Bien que certaines municipalités aient mis en place des programmes pour aider les locataires admissibles à obtenir une aide financière d’urgence ou d’autres ressources visant à prévenir les expulsions, la modification proposée limite la capacité des locataires à présenter une demande dans le cadre de ces programmes (dont l’obtention prend souvent plus de 7 jours). Les municipalités et les autres groupes de soutien au logement disposent de ressources limitées, et le délai restreint aura une incidence sur leur capacité à gérer une augmentation du nombre de demandes, en particulier les cas d’urgence.
La réduction de 50 % du délai de préavis d’expulsion pour arriérés de loyer a une incidence disproportionnée sur les locataires en vertu du Code. Cela augmente le risque d’expulsions, de situations d’itinérance ou de déplacements qui pourraient être évités.
Recommandations de la CODP
- La CODP recommande fortement de maintenir le délai de 14 jours et d’intégrer des mesures de soutien et de protection afin d’empêcher les expulsions discriminatoires. À titre de comparaison, dans des circonstances normales, un assureur doit donner un préavis d’au moins 30 jours avant de résilier une police d’assurance automobile.
- Déterminer s’il existe des preuves suffisantes pour réduire le délai de préavis de résiliation de la location (formulaire N4) sans affecter de manière disproportionnée et discriminatoire les locataires en vertu du Code des droits de la personne de l’Ontario.
- Fournir des garanties procédurales pour protéger les locataires qui ne peuvent pas respecter des délais plus stricts afin d’atténuer les effets discriminatoires.
[1] Le projet de loi 60 propose plusieurs mesures supplémentaires qui ne font actuellement l’objet d’aucun mémoire : expulsion en cas de retards de paiement persistants; autorisation pour le gouvernement de prescrire le contenu des avis de résiliation, y compris le formulaire N4 (Avis de résiliation de la location pour non-paiement du loyer); normaliser le report d’une ordonnance d’expulsion; modifier le pouvoir d’annuler une ordonnance d’expulsion; augmenter les ressources d’exécution afin de réduire les délais d’exécution des ordonnances d’expulsion de la CLI une fois qu’elles ont été déposées; demander à Tribunaux décisionnels Ontario d’étudier les possibilités d’améliorer l’accès aux décisions et ordonnances définitives de la CLI.

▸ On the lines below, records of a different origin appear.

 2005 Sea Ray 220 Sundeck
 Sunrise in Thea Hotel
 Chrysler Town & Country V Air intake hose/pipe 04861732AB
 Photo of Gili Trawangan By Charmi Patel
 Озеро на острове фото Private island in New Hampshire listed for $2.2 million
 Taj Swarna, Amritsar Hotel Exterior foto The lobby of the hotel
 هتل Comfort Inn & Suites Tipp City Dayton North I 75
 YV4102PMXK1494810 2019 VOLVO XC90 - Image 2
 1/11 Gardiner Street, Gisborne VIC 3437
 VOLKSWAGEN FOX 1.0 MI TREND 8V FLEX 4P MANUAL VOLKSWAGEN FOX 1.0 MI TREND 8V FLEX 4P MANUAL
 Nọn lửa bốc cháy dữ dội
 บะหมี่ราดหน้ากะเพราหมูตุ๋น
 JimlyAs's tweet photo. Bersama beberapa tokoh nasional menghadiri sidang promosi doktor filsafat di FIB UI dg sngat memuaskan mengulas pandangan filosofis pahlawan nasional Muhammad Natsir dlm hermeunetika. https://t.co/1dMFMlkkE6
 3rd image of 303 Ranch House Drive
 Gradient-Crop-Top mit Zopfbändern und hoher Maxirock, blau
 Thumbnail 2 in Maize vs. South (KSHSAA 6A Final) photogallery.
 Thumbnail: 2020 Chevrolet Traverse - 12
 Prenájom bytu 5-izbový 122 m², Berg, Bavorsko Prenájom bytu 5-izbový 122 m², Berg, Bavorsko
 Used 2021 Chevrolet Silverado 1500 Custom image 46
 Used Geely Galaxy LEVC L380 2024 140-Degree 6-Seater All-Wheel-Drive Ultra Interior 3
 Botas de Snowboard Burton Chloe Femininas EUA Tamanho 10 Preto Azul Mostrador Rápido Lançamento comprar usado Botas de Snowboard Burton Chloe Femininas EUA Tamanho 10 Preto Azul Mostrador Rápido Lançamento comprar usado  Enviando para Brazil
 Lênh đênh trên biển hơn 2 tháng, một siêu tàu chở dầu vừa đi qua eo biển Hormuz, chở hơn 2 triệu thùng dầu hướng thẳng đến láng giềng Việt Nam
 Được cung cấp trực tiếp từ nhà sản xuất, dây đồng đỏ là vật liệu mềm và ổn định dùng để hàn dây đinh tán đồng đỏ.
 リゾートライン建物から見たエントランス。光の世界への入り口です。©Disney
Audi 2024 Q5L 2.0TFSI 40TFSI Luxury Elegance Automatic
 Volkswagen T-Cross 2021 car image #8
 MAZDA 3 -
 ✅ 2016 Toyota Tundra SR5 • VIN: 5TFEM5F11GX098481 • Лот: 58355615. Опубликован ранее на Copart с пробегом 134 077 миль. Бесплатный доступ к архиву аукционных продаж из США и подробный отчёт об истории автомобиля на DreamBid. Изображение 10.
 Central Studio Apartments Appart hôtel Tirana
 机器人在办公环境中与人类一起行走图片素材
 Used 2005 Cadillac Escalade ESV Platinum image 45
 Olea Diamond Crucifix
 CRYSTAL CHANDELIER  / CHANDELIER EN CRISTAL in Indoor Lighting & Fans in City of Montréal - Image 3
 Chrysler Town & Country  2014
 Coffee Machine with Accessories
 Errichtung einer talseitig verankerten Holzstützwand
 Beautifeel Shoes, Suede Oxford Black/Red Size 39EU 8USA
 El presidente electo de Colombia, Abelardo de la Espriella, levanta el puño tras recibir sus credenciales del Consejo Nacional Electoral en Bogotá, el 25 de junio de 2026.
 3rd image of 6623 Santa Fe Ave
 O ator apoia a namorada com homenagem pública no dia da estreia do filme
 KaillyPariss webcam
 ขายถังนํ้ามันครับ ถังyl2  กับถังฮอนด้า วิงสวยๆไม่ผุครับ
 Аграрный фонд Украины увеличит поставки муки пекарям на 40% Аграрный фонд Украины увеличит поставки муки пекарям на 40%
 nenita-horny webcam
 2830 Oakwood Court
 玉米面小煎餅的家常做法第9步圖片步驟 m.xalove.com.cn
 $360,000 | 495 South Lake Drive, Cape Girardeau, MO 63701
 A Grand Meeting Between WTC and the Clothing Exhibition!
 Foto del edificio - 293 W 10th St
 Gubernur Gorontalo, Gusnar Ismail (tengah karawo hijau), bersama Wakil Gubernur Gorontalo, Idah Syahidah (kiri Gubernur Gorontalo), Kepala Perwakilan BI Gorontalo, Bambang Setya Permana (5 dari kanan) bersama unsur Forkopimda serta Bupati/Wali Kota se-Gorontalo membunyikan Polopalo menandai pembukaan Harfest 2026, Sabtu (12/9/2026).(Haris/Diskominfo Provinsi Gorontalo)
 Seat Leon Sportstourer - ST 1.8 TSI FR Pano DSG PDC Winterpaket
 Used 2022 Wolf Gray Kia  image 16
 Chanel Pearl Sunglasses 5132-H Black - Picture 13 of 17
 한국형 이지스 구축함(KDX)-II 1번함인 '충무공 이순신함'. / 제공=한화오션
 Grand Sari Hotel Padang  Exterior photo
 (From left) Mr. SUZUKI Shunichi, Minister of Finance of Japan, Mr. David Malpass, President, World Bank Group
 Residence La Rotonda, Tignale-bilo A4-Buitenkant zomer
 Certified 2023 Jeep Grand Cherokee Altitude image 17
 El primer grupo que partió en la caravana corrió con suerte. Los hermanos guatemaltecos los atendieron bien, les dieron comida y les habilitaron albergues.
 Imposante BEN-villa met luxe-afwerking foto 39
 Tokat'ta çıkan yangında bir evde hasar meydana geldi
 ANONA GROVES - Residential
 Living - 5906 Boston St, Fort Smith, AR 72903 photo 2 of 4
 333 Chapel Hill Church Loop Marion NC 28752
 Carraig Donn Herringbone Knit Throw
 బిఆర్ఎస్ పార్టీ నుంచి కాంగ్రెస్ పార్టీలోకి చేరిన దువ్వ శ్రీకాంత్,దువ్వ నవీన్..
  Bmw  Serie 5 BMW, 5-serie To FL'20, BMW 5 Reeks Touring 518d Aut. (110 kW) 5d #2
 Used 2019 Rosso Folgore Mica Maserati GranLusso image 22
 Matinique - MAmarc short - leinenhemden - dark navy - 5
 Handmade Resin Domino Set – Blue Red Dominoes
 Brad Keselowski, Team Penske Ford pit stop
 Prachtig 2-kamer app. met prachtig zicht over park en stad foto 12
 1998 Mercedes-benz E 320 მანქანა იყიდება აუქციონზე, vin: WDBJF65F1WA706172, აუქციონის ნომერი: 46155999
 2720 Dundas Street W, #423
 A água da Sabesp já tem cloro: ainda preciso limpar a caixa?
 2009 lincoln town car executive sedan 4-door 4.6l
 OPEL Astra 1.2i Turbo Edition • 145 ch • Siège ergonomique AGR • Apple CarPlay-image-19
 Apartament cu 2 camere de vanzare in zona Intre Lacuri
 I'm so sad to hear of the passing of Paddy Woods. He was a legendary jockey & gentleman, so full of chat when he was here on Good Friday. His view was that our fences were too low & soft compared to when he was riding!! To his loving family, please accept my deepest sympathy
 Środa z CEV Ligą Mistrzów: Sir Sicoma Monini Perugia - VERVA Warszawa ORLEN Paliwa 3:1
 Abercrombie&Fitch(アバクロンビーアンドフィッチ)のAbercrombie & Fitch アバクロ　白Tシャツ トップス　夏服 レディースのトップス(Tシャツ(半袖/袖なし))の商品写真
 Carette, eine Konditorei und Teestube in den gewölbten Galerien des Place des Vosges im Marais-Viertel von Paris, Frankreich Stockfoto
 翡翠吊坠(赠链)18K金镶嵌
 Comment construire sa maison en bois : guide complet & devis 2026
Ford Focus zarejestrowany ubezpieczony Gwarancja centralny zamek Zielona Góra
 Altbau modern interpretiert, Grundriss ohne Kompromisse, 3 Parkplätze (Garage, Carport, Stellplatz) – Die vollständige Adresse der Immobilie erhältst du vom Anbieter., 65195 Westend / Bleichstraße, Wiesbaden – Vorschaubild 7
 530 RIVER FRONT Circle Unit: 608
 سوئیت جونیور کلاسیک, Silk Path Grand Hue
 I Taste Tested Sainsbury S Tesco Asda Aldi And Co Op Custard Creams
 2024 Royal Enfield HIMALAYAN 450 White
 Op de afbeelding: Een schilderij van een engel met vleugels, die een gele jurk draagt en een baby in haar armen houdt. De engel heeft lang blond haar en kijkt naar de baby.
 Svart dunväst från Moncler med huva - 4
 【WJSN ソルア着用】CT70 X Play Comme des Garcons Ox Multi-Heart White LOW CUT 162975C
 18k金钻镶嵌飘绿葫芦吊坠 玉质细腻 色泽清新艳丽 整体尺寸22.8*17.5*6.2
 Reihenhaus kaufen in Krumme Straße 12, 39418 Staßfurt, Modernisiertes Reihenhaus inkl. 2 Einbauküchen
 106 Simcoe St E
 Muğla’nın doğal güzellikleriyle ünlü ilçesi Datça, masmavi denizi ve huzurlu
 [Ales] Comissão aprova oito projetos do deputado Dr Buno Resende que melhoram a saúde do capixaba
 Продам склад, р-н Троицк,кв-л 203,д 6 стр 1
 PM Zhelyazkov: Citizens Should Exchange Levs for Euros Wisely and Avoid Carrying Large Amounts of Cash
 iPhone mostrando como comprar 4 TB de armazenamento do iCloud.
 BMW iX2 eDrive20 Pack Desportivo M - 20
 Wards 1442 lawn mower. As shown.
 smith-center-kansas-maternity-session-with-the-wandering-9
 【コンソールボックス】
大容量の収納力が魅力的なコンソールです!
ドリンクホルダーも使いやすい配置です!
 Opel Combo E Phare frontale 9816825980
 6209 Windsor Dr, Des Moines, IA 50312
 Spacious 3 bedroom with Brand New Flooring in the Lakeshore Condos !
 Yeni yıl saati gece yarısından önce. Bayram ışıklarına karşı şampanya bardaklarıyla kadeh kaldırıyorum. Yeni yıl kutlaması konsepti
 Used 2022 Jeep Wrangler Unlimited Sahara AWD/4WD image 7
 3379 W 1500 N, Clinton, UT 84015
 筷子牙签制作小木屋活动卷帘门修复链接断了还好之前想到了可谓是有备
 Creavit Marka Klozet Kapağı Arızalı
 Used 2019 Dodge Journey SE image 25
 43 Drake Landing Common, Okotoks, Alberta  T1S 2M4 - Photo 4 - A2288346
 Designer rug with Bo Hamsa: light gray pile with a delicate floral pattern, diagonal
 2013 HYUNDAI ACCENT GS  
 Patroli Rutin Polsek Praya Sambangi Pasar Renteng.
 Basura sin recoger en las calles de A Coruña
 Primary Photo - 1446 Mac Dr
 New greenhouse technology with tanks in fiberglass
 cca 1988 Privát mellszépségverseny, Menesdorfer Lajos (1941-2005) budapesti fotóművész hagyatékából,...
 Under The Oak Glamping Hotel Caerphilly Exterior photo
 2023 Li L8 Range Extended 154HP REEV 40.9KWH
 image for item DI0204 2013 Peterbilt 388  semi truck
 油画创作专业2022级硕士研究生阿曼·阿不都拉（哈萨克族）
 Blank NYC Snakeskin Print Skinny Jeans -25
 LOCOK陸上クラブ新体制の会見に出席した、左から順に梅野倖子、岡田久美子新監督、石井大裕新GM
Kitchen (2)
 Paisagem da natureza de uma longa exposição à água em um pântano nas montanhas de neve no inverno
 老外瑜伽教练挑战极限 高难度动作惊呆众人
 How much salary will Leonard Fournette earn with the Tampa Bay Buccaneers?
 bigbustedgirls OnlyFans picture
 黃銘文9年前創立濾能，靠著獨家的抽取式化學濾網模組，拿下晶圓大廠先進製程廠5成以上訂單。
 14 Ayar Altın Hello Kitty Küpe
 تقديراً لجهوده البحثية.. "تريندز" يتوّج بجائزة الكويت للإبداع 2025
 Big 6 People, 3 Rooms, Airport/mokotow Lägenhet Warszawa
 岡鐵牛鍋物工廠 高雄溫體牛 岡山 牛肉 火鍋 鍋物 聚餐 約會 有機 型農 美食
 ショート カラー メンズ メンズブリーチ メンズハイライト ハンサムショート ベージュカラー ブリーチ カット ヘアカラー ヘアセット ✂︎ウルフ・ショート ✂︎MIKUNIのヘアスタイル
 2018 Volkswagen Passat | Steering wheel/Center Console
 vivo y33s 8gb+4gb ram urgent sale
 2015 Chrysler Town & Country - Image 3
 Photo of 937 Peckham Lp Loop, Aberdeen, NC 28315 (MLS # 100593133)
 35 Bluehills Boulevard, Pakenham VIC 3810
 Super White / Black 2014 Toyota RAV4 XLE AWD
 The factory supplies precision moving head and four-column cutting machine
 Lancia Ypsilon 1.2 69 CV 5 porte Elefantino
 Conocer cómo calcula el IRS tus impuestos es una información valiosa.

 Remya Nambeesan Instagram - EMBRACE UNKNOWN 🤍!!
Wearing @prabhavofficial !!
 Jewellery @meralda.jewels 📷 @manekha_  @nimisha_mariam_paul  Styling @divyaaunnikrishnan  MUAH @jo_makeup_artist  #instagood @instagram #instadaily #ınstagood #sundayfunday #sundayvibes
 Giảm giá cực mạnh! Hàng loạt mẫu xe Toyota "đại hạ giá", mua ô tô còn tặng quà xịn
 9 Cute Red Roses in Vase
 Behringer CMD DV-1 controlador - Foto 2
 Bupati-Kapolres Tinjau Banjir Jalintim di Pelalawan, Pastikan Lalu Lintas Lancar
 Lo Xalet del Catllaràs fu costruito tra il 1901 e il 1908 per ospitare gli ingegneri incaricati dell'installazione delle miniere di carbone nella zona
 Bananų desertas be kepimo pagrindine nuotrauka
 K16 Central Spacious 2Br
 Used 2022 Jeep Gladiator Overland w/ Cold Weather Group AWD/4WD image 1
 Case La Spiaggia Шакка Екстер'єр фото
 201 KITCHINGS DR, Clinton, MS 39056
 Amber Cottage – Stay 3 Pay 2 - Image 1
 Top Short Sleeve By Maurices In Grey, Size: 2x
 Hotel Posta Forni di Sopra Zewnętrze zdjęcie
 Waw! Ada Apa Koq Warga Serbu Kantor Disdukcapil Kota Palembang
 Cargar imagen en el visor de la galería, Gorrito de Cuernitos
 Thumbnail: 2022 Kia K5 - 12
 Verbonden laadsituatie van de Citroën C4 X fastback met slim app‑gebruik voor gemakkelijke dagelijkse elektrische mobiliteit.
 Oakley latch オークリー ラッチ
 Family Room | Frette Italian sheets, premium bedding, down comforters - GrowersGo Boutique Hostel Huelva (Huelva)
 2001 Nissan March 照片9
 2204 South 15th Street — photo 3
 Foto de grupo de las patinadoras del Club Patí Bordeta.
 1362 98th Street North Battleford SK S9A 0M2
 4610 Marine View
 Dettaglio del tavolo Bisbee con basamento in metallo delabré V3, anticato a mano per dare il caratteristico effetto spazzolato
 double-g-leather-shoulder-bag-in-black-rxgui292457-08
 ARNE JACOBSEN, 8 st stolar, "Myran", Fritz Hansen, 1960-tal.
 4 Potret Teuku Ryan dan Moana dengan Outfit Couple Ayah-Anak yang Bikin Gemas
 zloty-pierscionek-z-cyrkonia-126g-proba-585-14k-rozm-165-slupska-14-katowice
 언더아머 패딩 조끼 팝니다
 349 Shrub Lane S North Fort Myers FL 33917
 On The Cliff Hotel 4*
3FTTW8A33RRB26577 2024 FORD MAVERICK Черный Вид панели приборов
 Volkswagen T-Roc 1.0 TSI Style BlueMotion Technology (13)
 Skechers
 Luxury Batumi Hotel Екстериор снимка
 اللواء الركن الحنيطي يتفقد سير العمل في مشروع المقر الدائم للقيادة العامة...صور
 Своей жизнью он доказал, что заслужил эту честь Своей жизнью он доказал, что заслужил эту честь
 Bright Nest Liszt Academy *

[2] Code des droits de la personne de l’Ontario, L.R.O. 1990, chap. H.19 art. 2 (1).
[3] Commission ontarienne des droits de la personne, « PDV sur la pauvreté – Ce qu’on nous a dit ». Commission ontarienne des droits de la personne; en ligne : https://www3.ohrc.on.ca/fr/pdv-sur-la-pauvrete-ce-quon-nous-dit-0.
[4] Pacte international relatif aux droits économiques, sociaux et culturels, 1966, art. 11.
[5] Tranchemontagne c. Ontario (Directeur, Programme ontarien de soutien aux personnes handicapées), 2006 CSC 14.